01 -
Preheat oven to 350°F. Line a 9×9 square pan with foil or parchment paper, leaving a couple inches of overhang on two sides for easy removal. Lightly grease the foil or parchment.
02 -
Whisk the melted butter and sugar vigorously for one minute. Add eggs, water, and vanilla extract, whisking again for about 30 seconds. Tap excess batter off the whisk and set it aside.
03 -
Sprinkle cocoa powder, powdered sugar, flour, and salt over the wet ingredients. Use a rubber or silicone spatula to stir the mixture until it is glossy and well combined. Stir in the chocolate chips.
04 -
Pour the batter into the prepared pan and smooth the top.
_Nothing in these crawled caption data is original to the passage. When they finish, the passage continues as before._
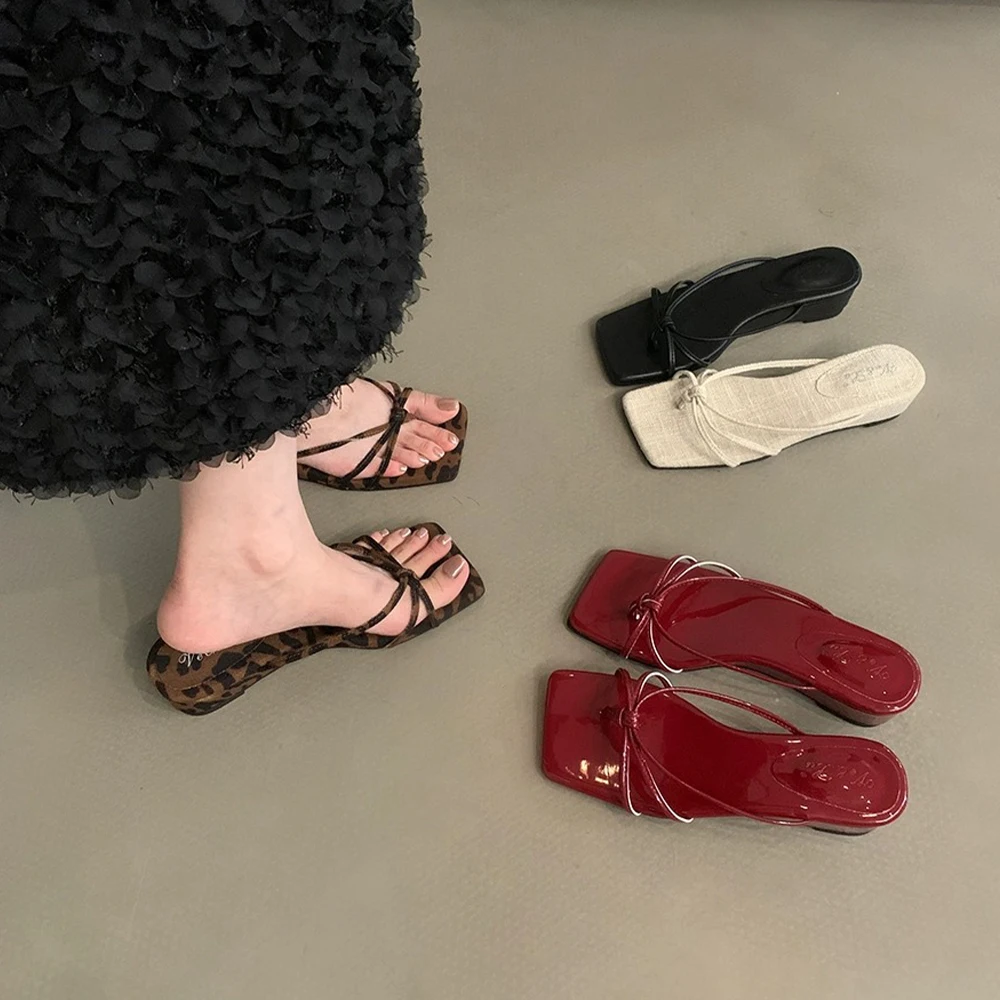 2025 Summer New Women Slipper Fashion Ladies Slip On Flip Flops Wedge Outdoor Dress Slides Arch Support Walking Thong Sandals
2025 Summer New Women Slipper Fashion Ladies Slip On Flip Flops Wedge Outdoor Dress Slides Arch Support Walking Thong Sandals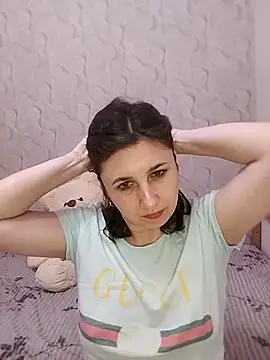 Koshova1836 online show from May 10, 2026, 8:22 pm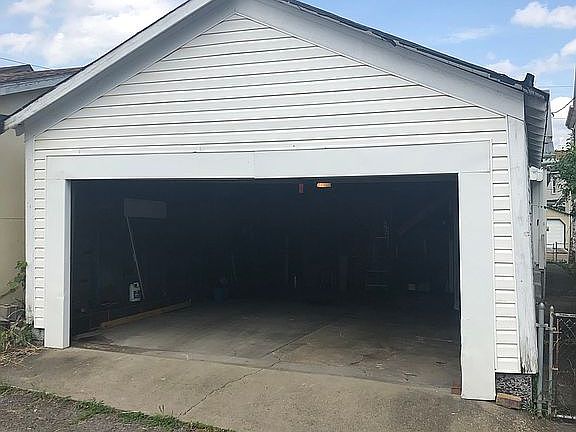 3rd image of 609 Grant Ave
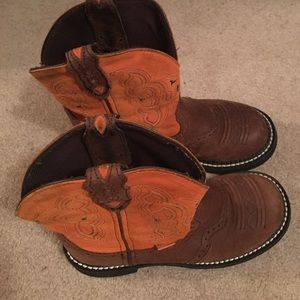 Justin Gypsy round-toe boots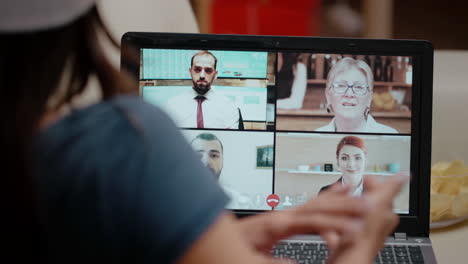 primer plano de una mujer usando una llamada de video para una reunión de negocios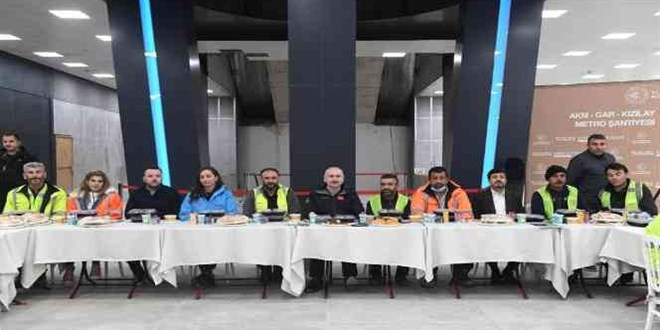 Bakanı Adil Karaismailoğlu, AKM-Gar-Kızılay Metro Şantiyesi işçileriyle sahurda bir araya geldi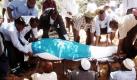 Im somalischen Mogadischu wird der gestern verstorbene Bildungsminister Ahmed Abdulahi Wayel beigesetzt. Ein Bombenattentat in einem Hotel riss 22 Menschen mit in den Tod, darunter drei Kabinettsmitglieder. Foto: ap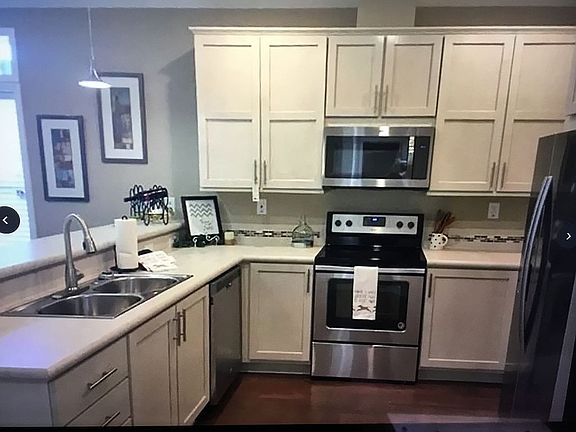 3rd image of 3986 Breakwater Dr
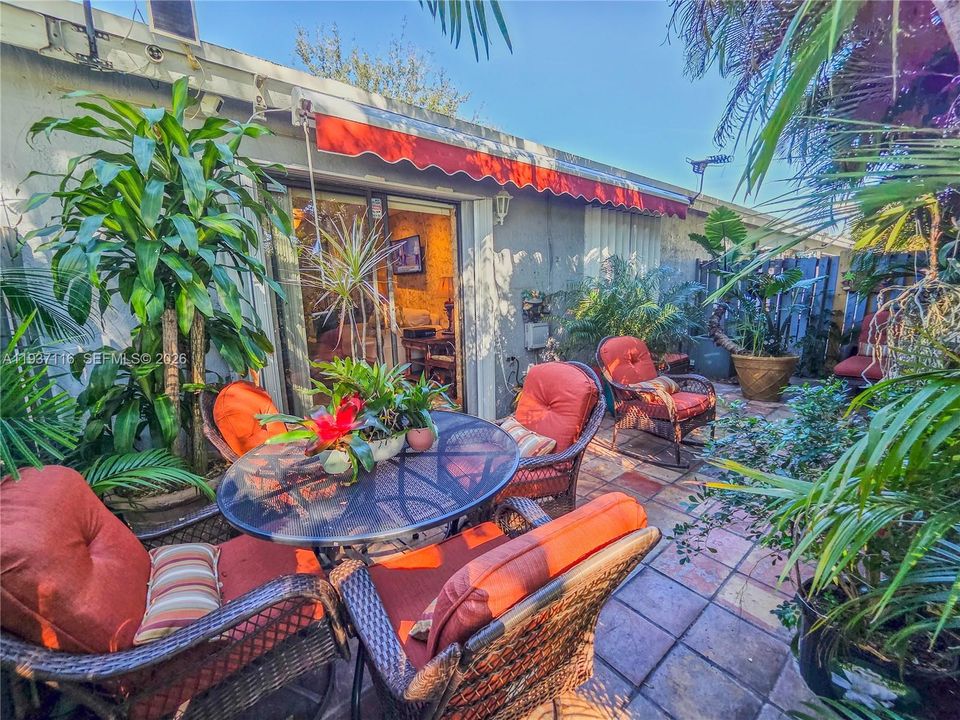 En Renta: $2,350 (2 camas, 2 baños, 954 Pies cuadrados)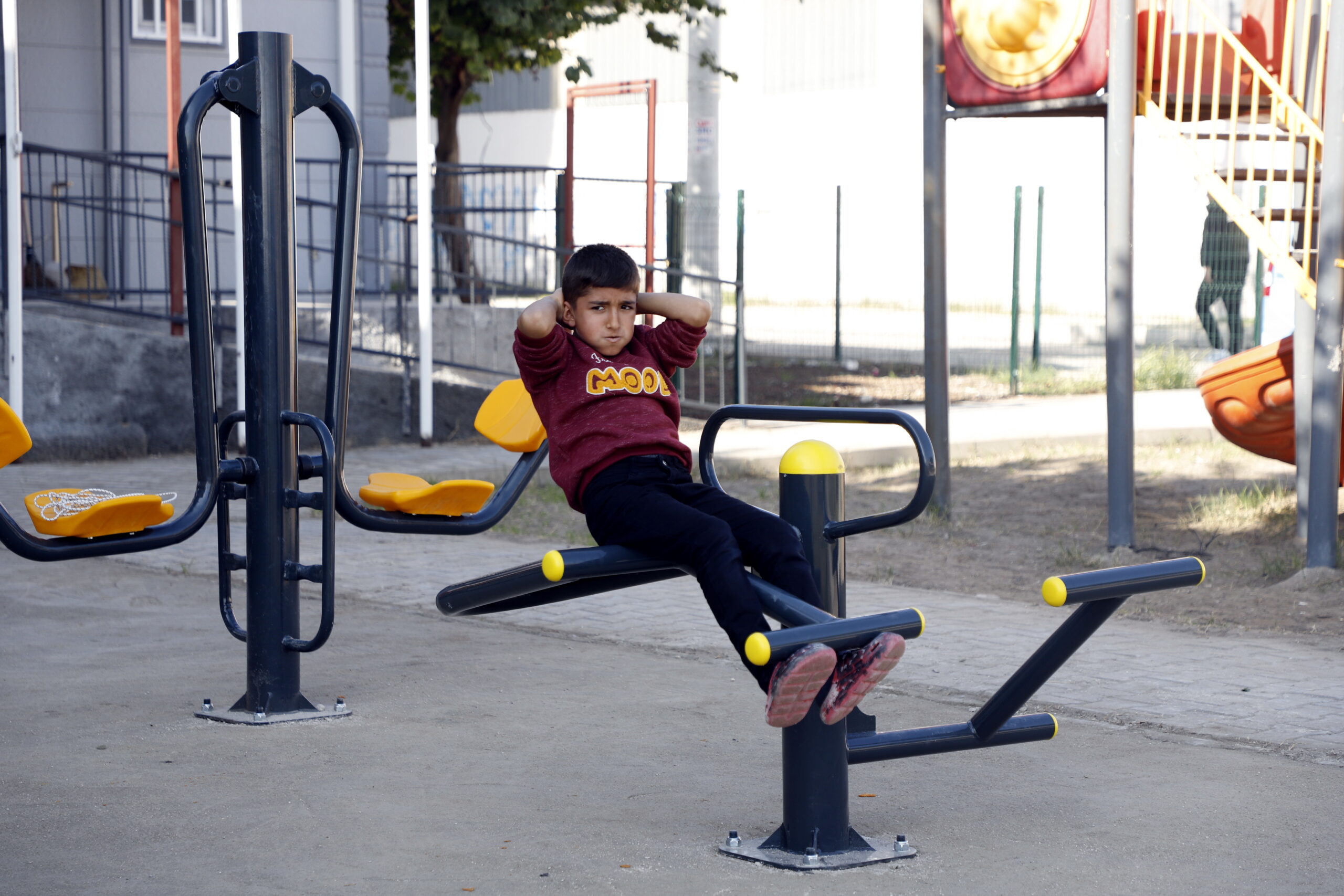 GÜNDOĞDU PARKINA OYUN GRUPLARI VE SPOR ALETLERİ YERLEŞTİRİLDİ Akdeniz Belediyesi, ilçeye bağlı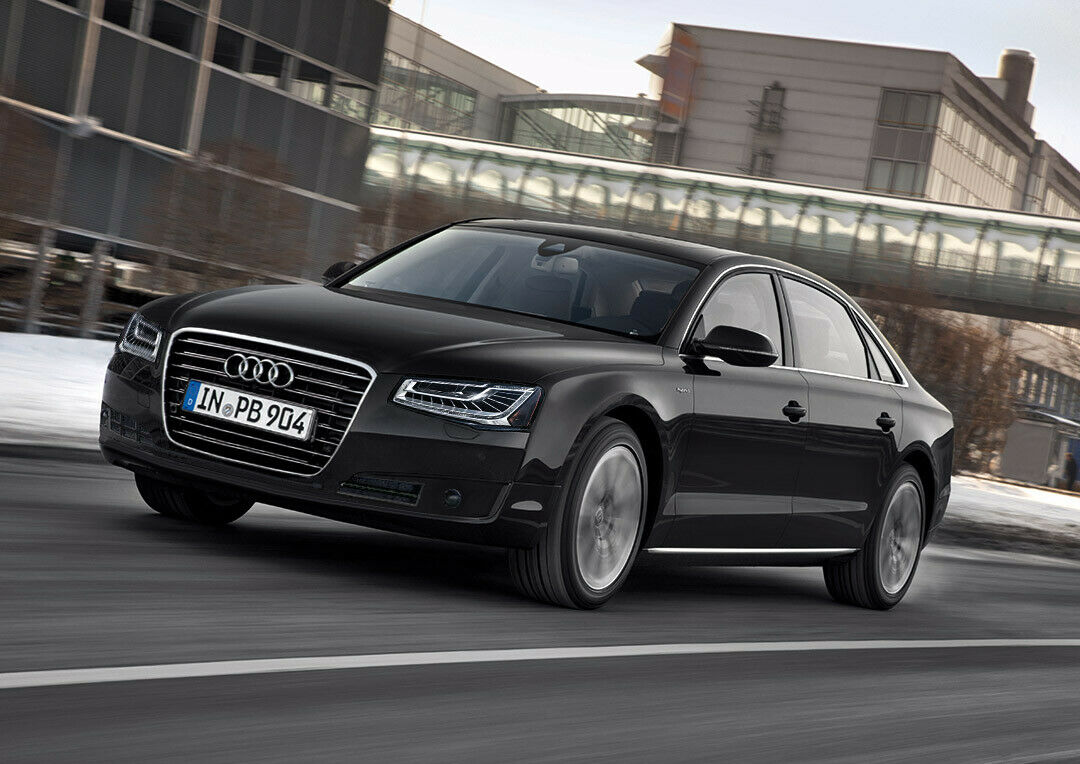 Fotomontage: So könnte das Audi A8 Facelift aussehen. Der Grill wird breiter und flacher, die Scheinwerfer arbeiten mit LED-Technik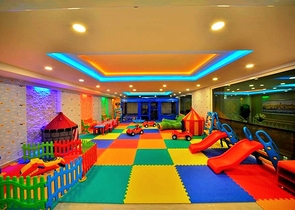 شقة للبيع ضمن مجمع فخم في مهموتلار / الانيا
Bake for 18-20 minutes, until a toothpick inserted into the center comes out with moist crumbs but no raw batter. Remove from the oven and place on a cooling rack. Allow the brownies to cool completely.
05 -
In a medium saucepan over medium-low heat, combine evaporated milk, brown sugar, egg yolks, butter, and salt. While whisking constantly, slowly bring to a gentle simmer. Continue whisking for 3-4 minutes until the sugar has dissolved and the mixture thickens slightly. Remove from heat and stir in vanilla, pecans, and coconut.
06 -
Spread the topping evenly over the cooled brownies. Sprinkle with flaky sea salt if desired and let the topping firm up before cutting. For quicker results, refrigerate the brownies. Serve at room temperature.